American Japanologist (1921–2007)

Edward George Seidensticker (February 11, 1921 – August 26, 2007) was a noted post-World War II American scholar, historian, and preeminent translator of classical and contemporary Japanese literature. His English translation of the epic The Tale of Genji, published in 1976, was especially well received critically and is counted among the preferred modern translations.

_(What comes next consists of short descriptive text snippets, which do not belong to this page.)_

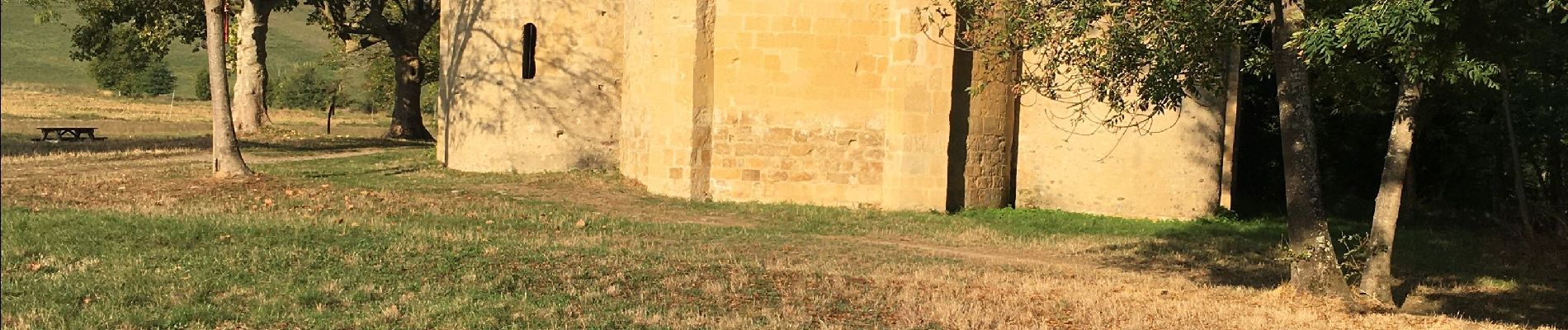 Randonnée Marche Pamiers - Les Coteaux de Pamiers  - Photo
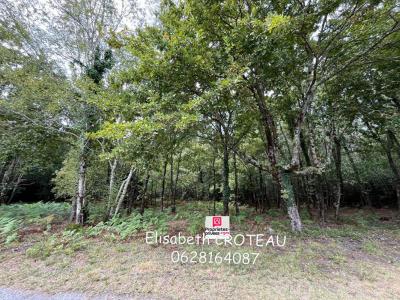 photo For sale Land SANGUINET 40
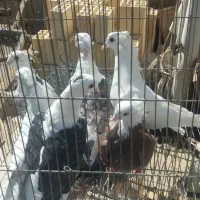 کبوتر|پرنده|اصفهان, بهارانچی|دیوار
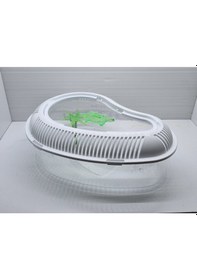 Resim Kardelen Beyaz Kaplumbağa Bahçesi 25 x 15 CM 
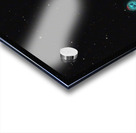 Owl  & Surfboard Acrylic print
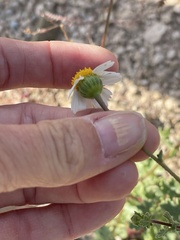 Perityle crassifolia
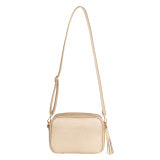 Gold Camera Crossbody Bag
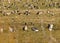 A migratory bird flock in a goose field, landscape seasonal bird migration, many wild geese in a field in the Latvian wilderness
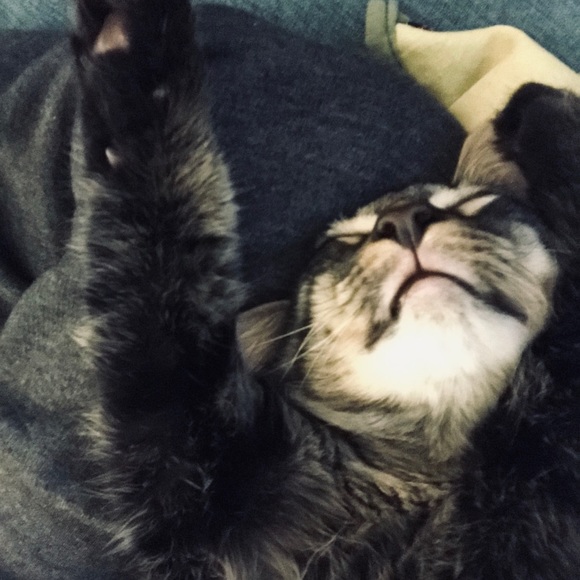 Meet your Posher, Jessica - Picture 1 of 1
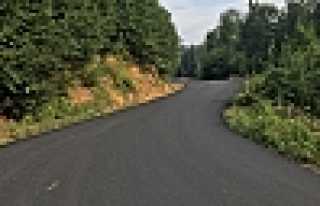 DİKMEN’E ULAŞIM ARTIK DAHA RAHAT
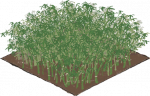 竹林一级.png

Seidensticker is closely associated with the work of three major Japanese writers of the 20th century: Yasunari Kawabata, Jun'ichirō Tanizaki, and Yukio Mishima. His landmark translations of novels by Kawabata, in particular Snow Country (1956) and Thousand Cranes (1958), led, in part, to Kawabata being awarded the Nobel Prize in Literature in 1968.

==Biography==

===Early years===
Seidensticker was born in 1921 on an isolated farmstead near Castle Rock, Colorado. His father, also named Edward G. Seidensticker, was the owner of a modest ranch that struggled financially during the 1920s and early 1930s. His mother, Mary E. Seidensticker (née Dillon), was a homemaker. Seidensticker was raised Catholic and was of German, English and Irish heritage. By high school, cognizant that he was neither athletic nor mechanically adept, he began to slip away during spare time to read Dickens and Thackeray, among others. He found Tolstoy most to his liking, the works of Mark Twain the least. He was one of the only two students in his graduating class at Douglas County High School to go off to college, the other being his older brother, William.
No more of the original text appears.